Does anyone have such an example?
* tarball/binary available for fork
* fork is significantly improved over the original project
* FLOSS dev community for fork is invite only
I could name some arguable candidates: XFree86/x.org, mplayer/mplayer2/mpv, and xchat/HexChat. In many cases the catalyst was some kind of licensing disagreement, but the reason people were drawn to the fork was the dev culture of the original project. What they have in common is the original project tends to (but does not always) wither and die, at which point the quiet fork becomes the main focus.

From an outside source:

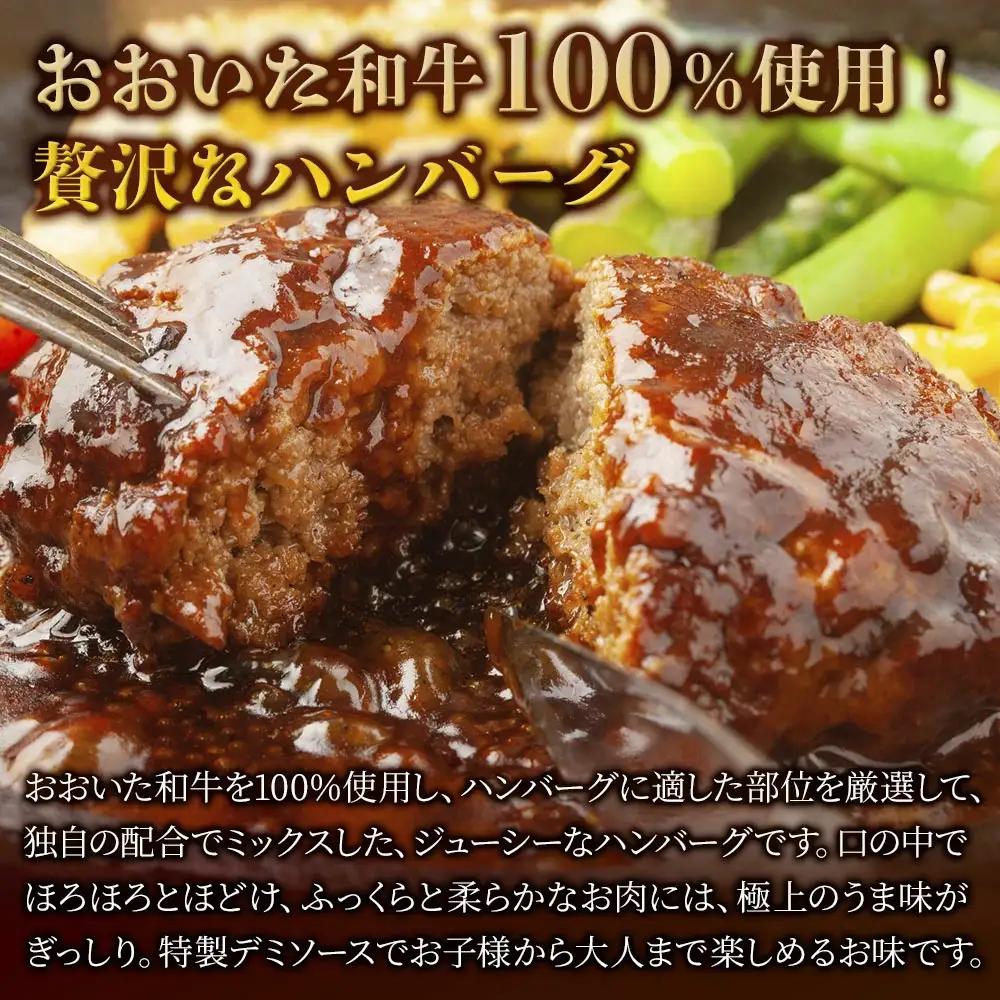おおいた 和牛 100% デミ ハンバーグ 約150g×10個 合計約1.5kg | ハンバーグ 津久見市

But to be clear, this is the normal, daily-basis operation in the name of distro packaging, too. Some distros (Slackware, e.g.) try to hew as close to upstream as possible, but others (Red Hat and Debian, e.g.) significantly modify the upstream code, and development of this private not-a-fork-just-a-set-of-massive-patches is absolutely invite-only. There are weird rituals around not calling a given distro's effective forking "a fork," but in essence that's exactly what it is. "We can't get this patch accepted upstream," they'll say, and then the fork is live. It leads to heated and sometimes inimical clashes between the upstream dev and the packaging entity (c.f. xscreensaver, firefox/iceweasel, etc).
The only difference between some of these "packaging efforts" and the article's "shadow ecosystem" is how many users they have, really.
> I could name some arguable candidates: XFree86/x.org, mplayer/mplayer2/mpv, and xchat/HexChat.
Sorry, I left out the bullet about development being done in a private, invite-only group. That's what I'm curious about, and I don't think there are any examples of that.
No, there's no reason to do it in private. If you look around there are plenty of people who publicly fork code bases and work together independently of the original project with no drama. It could be they just want to go in a different direction, or to play, or didn't like the original group etc. They own their repo(s), get to decide who's invited in and if they even have a forum/mailing list/whatever. Been that way for decades.
That's not to say there aren't very public forks of important projects: they happen all the time. (just a few: Emacs/XEmacs, GCC/EGCS, FFmpeg/Libav, Cyanogenmod/LineageOS) If those who did the fork are right, the new project tends to supersede the original. And when there's a fork because one or more of the controlling personalities is an asshole, it tends to be public, noisy and messy. Note: the Linus/lkml thing barely moves the needle on this scale. (i.e. it's public, but there really hasn't been a lot of noise or mess to date.) Also, Linus is a complete gentleman compared to some of the situations I've read about.
There is a reason to do it in private: So you don't have to deal with the general public and the questions they might ask.
There's no requirement that projects listen to feedback or provide support, though the most successful ones generally do. There are many projects that simply ignore user and developer feedback. That's often a reason people fork.